Cultural Salon looks at evolution of Hong Kong museums
Share this article
The evolution of Hong Kong museums was the subject of the academic year’s first City Cultural Salon organised by the Cultural and Sports Committee of City University of Hong Kong (CityU) on 22 September, featuring Dr Louis Ng Chi-wa, Assistant Director (Heritage and Museums) of Leisure and Cultural Services Department.
In his talk entitled “Museums in Hong Kong: traditional, modern and post-modern”, Dr Ng, who currently takes charge of the management of 14 museums across the territory, shared with more than 40 friends and staff members of CityU the evolution of Hong Kong museums over the past century.
Dr Ng divided the development of local museums into three periods: Traditional Period (before 1960s), Modern Period (from 1960s to mid-1990s) and Post-modern Period (after mid-1990s). The three periods were closely related to the development of the local society. During the early colonial days, Hong Kong Government placed particular emphasis on social stability and economic development, but treated nationalism as a taboo and was less concerned about Chinese culture, education and social welfare.
“During the Traditional Period, museums were only regarded as a storage place for cultural works. Take the Old City Hall (1874-1933) as an example, citizens went there not for appreciation of collected items, but to shelter from the sun or rain,” he said.
Only when Hong Kong gradually became a major metropolitan city during the 1980s did the local government begin to pay more attention to the promotion of culture. Most Hong Kong museums were built during that time but they were rather small in scale. “Also during that period, experts played a key role in the administration of museums. Cultural exhibitions usually adopted the approach of teaching the audience without regard for the public’s preferences,” said Dr Ng.
The 1990s marked the Post-modern Period for the development of local museums, featuring larger buildings and more public involvement. In more recent years, museums would conduct surveys to collect public opinions and promote cultural education.
Although Hong Kong does not possess truly world-class collections, Dr Ng pointed out that public interest in visiting museums was on the rise. The number of visitors to local museums jumped from three million in early 2000 to five million last year. In response to this, the Government is going to dedicate more effort to research, education and promotion, aiming to enhance public interest in the conservation of cultural works.
After the talk by Dr Ng, the audience raised various points and opinions, including the attitude of young people towards museums and cultural works, the interest and editorial focus of the media, and the development of West Kowloon Cultural District.

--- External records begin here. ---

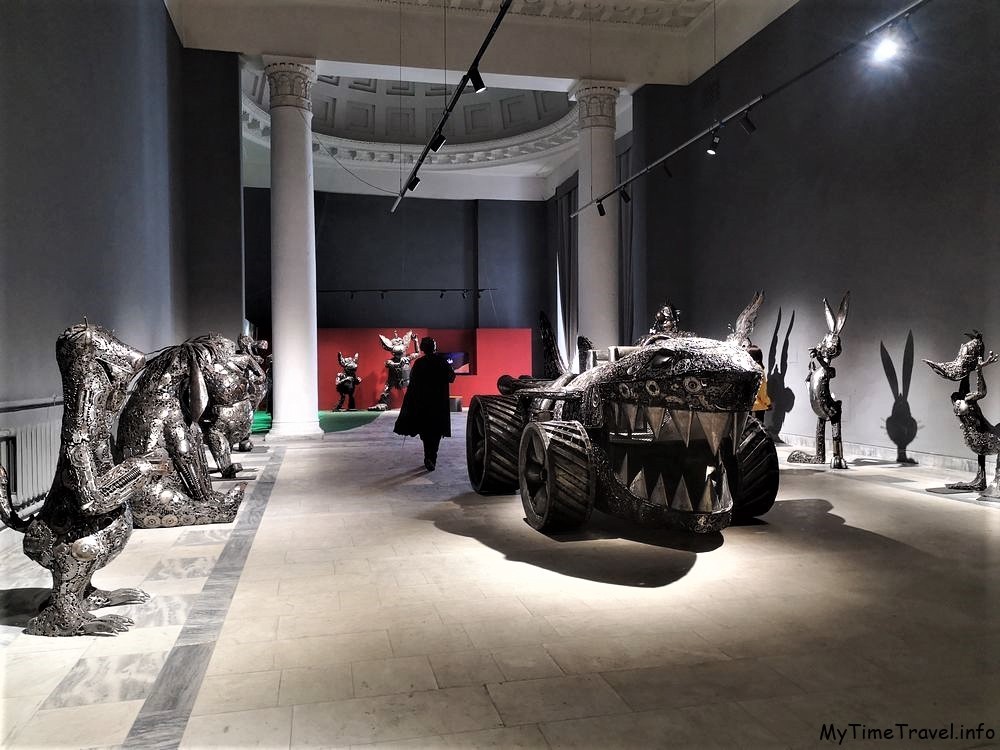 Выставка стальных скульптур в Киеве 2021-2022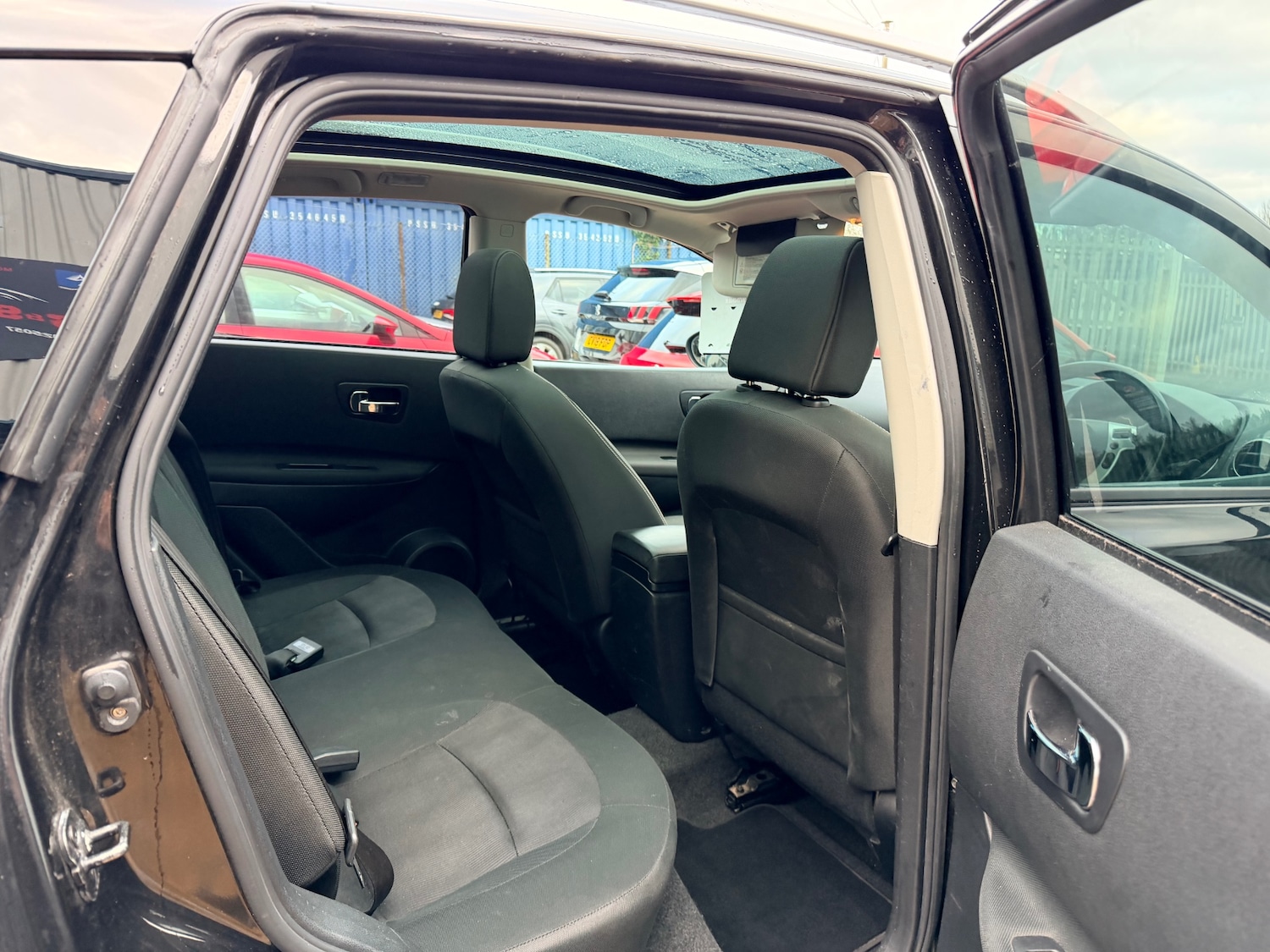 Used Nissan Qashqai 2012 for sale - 76589736: Photo 10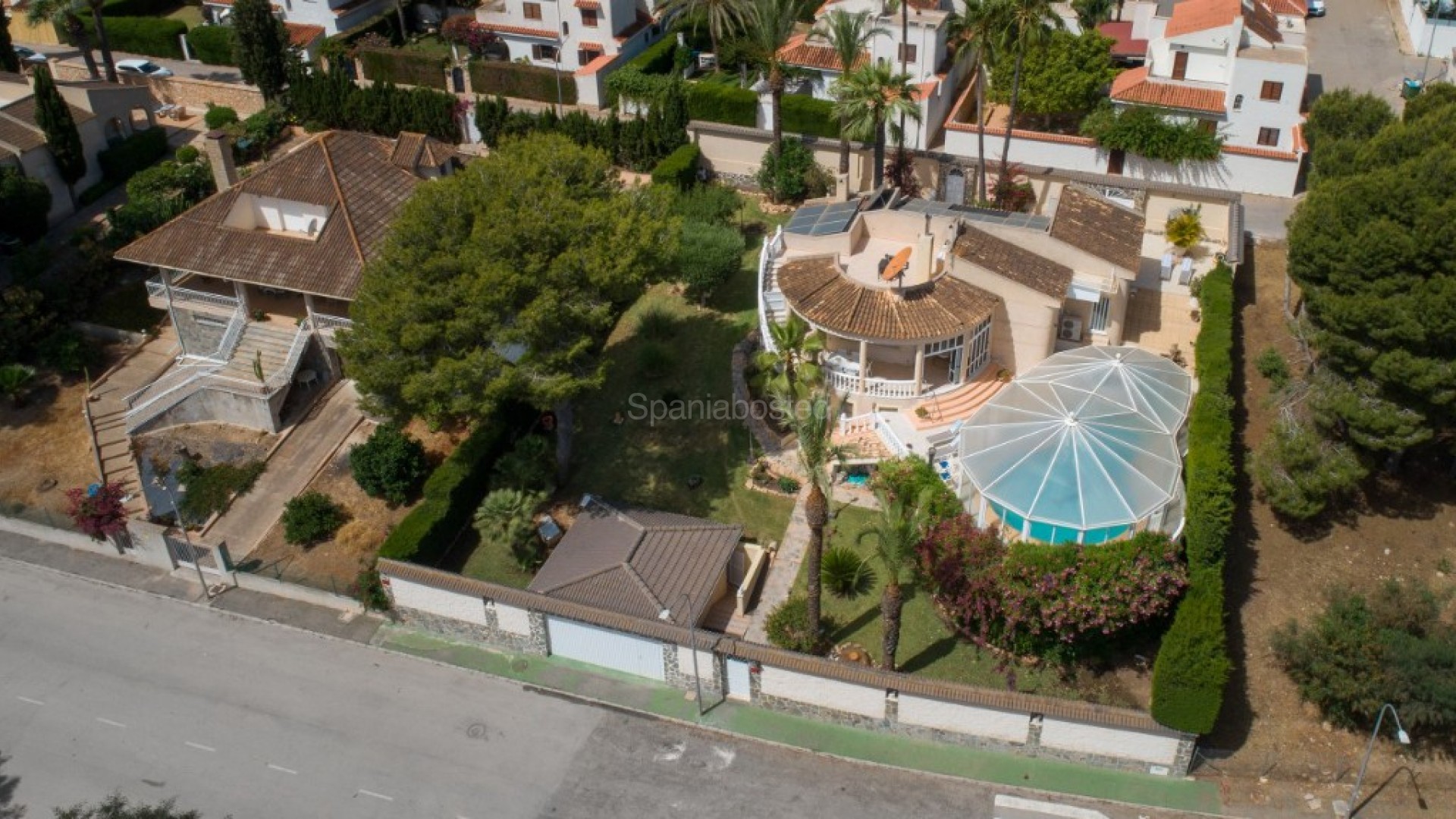 Resale - Villa -
Dehesa de Campoamor - Campoamor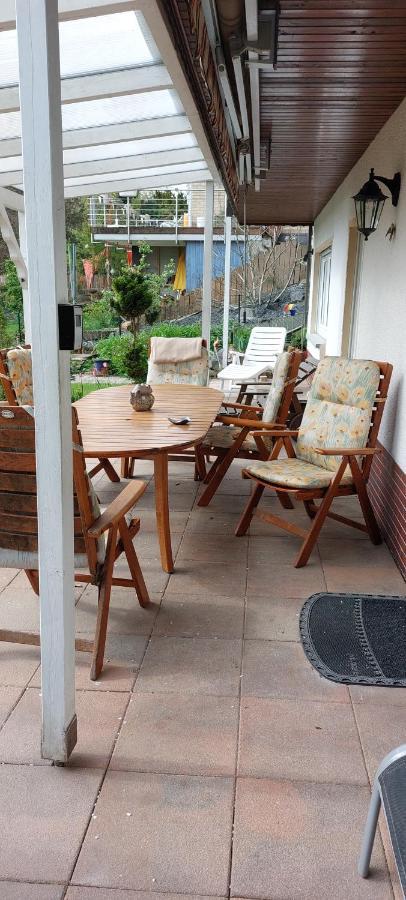 Tolle Untergeschoss-wohnung Fuer Bis Zu 5 Personen Mit Grossem Garten Und Terrasse Appartement Mörlenbach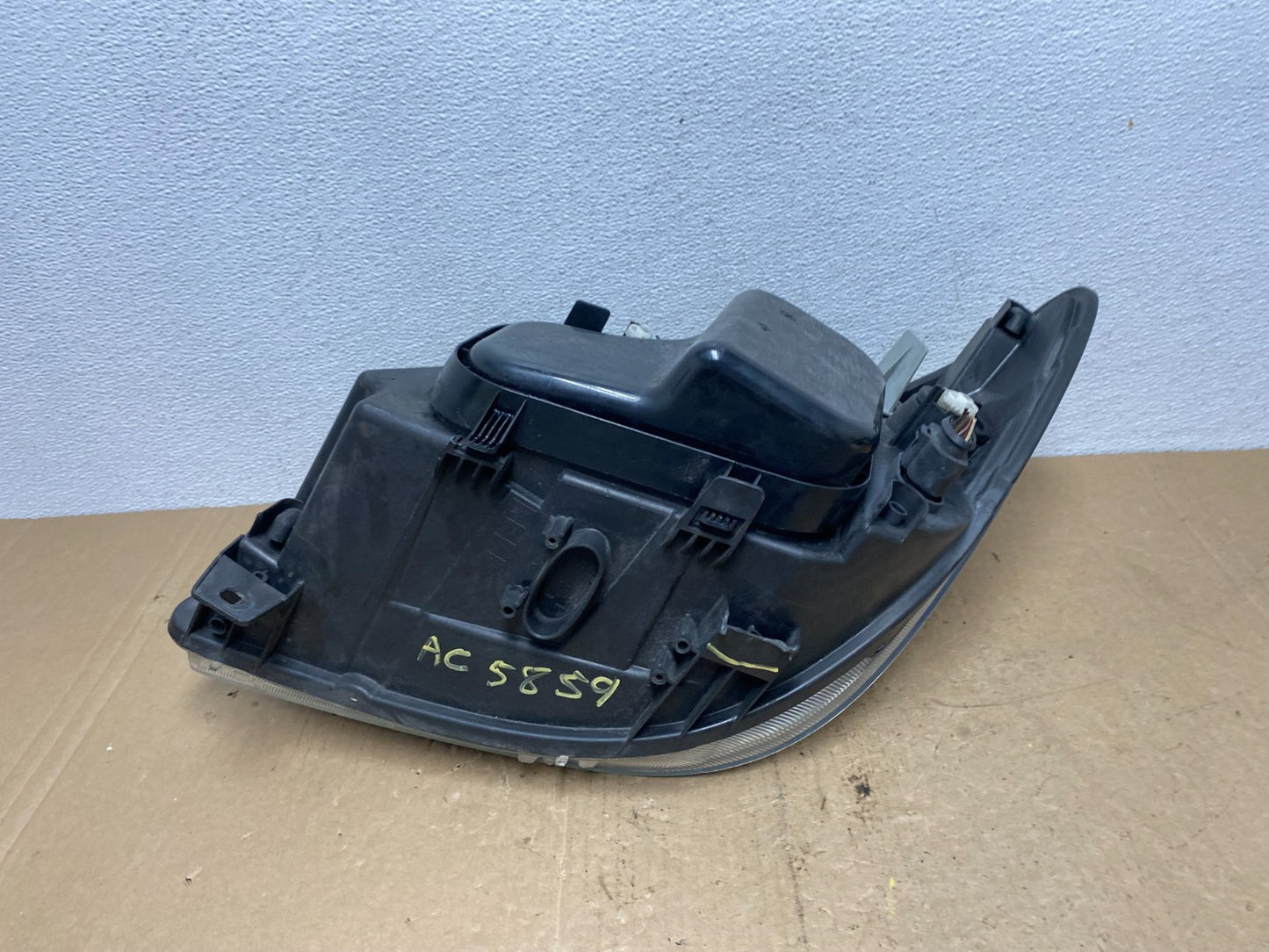 2007 to 2013 Mercedes Sprinter Headlight Right Passenger Halogen AC5859 DW4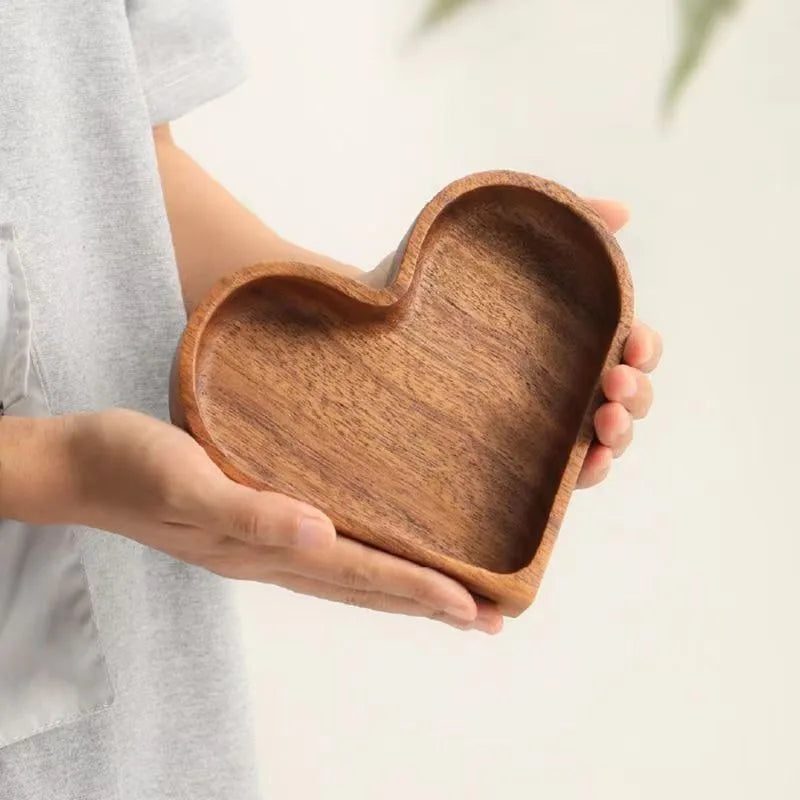 Tejesa Tableware Solid Wood Food Tray Love Heart Shape Dessert Plate Japanese-style Wooden Snack Fruit Tea Saucer Pallet Bread Board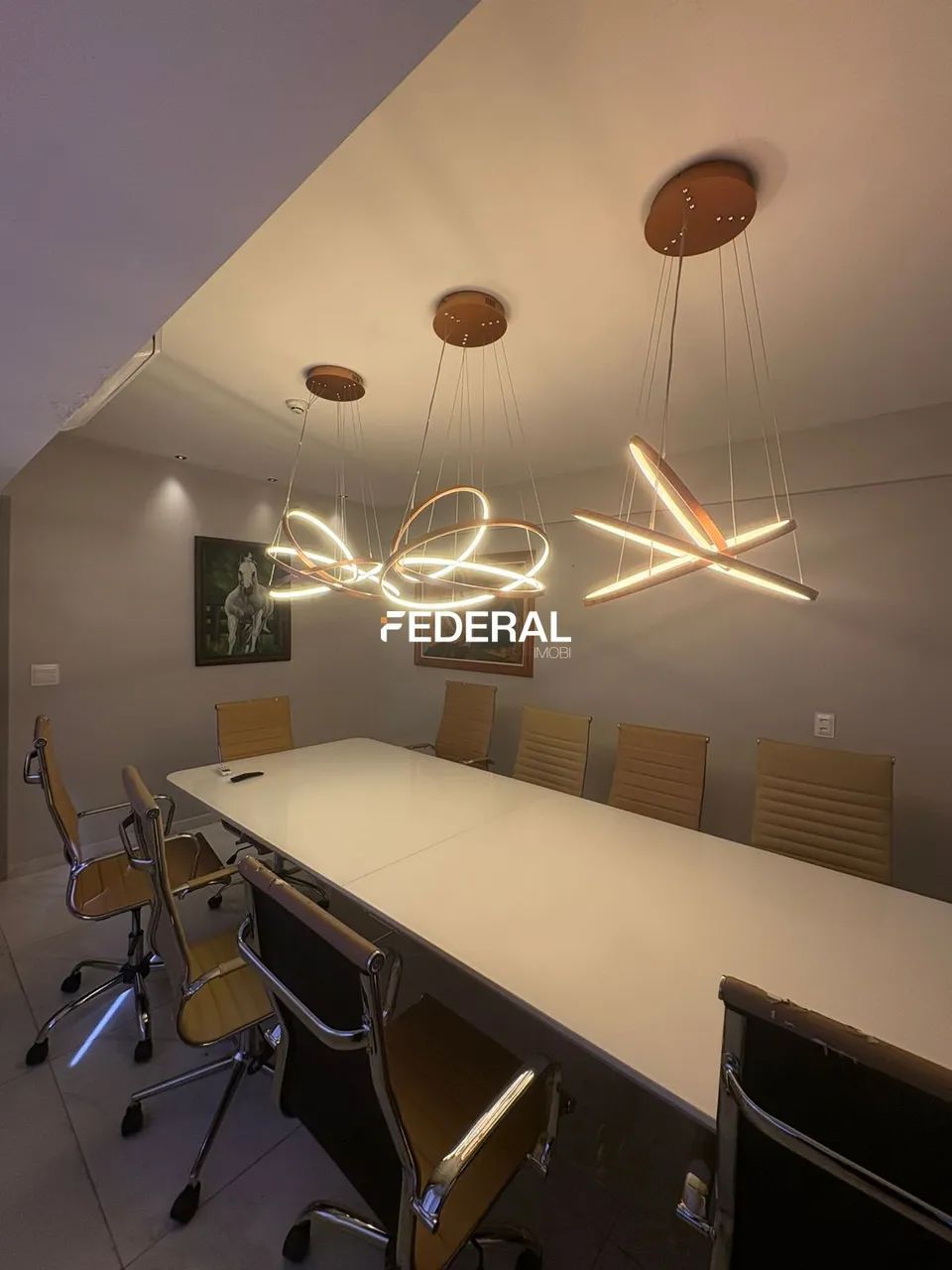 Sala comercial para Alugar com 147m², 5 salas, 3 garagens - Ilha do Leite - Foto 2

Professor Cheng Pei-kai, Chairman of the Cultural and Sports Committee and Director of Chinese Civilisation Centre, thanked Dr Ng for his talk and Professor Way Kuo, CityU President, and other guests for attending the event. “City Cultural Salon promotes culture and the arts and provides a platform for exchanging ides,” said Professor Cheng. “It was encouraging to see such enthusiastic participation and expression of different ideas.”